After this, on several benefit nights they were able to appear together, Kemble replacing Smith in the character of Macbeth to Mrs. Siddons’s Lady Macbeth, and both of them acting later in Othello, he as the Moor, she as Desdemona. This was not a distinct success. At last, however, his power found its legitimate development. On the occasion of his sister’s benefit in January 1788, he acted Lear to her Cordelia. The town was electrified, and declared him equal to Garrick.
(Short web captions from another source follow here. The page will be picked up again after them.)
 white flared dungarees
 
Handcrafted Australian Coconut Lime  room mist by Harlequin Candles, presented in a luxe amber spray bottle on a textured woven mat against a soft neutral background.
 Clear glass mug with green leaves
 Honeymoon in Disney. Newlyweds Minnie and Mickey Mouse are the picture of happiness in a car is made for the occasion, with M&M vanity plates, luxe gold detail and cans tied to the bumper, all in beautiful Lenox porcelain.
Boaden tells us “that he never played it so grandly or so touchingly as on that night.”

His really great gift was his large and cultivated understanding, that enabled him to grasp the spirit of the author he sought to interpret, giving a new emphasis and truth to scenes that were hackneyed and stale by a conventional method of rendering. This was particularly the case with Shakespeare, whose beauties he and his sister first revealed to their generation. The difference, however, between them was that he possessed superlative talent, she possessed genius. In speaking to Reynolds the dramatist, she defined completely the difference between them, “My brother John, in his most impetuous bursts, is always careful to avoid any discomposure of his dress or deportment, but in the whirlwind of passion I lose all thoughts of such matters.”
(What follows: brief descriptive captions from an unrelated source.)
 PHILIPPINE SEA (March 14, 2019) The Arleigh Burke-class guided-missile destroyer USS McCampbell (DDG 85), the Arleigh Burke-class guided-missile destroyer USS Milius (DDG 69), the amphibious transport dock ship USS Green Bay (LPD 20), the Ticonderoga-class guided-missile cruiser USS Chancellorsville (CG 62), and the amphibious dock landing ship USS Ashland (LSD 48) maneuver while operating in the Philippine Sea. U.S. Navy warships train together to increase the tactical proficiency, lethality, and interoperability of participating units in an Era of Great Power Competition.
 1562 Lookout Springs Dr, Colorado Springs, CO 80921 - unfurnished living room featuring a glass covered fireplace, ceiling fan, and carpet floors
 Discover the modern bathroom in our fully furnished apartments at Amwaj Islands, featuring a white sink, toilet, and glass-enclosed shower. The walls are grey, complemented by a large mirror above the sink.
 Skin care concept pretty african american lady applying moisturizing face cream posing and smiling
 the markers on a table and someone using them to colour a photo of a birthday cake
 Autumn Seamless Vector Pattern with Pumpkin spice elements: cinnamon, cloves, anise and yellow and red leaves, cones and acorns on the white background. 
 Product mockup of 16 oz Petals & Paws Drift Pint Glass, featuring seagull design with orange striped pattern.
He is said to have nourished a tender affection for the “Muse”—beautiful, clever, fascinating, stuttering Mrs. Inchbald. When her husband died, it was universally said he would marry her. Fanny Kemble tells an incident that occurred long after Kemble was married. Mrs. Inchbald and Miss Mellon were sitting by the fire-place in the green-room, waiting to be called upon the stage. The two were laughingly discussing their male friends and acquaintances from the matrimonial point of view. John Kemble, who was standing near, at length jestingly said to Mrs. Inchbald, who had been comically energetic in her declarations of whom she could or would or never could or would have married, “Well, Mrs. Inchbald, would you have had me?” “Dear heart,” said the stammering beauty, turning her sweet sunny face up to him, “I’d have j-j-j-jumped at you!”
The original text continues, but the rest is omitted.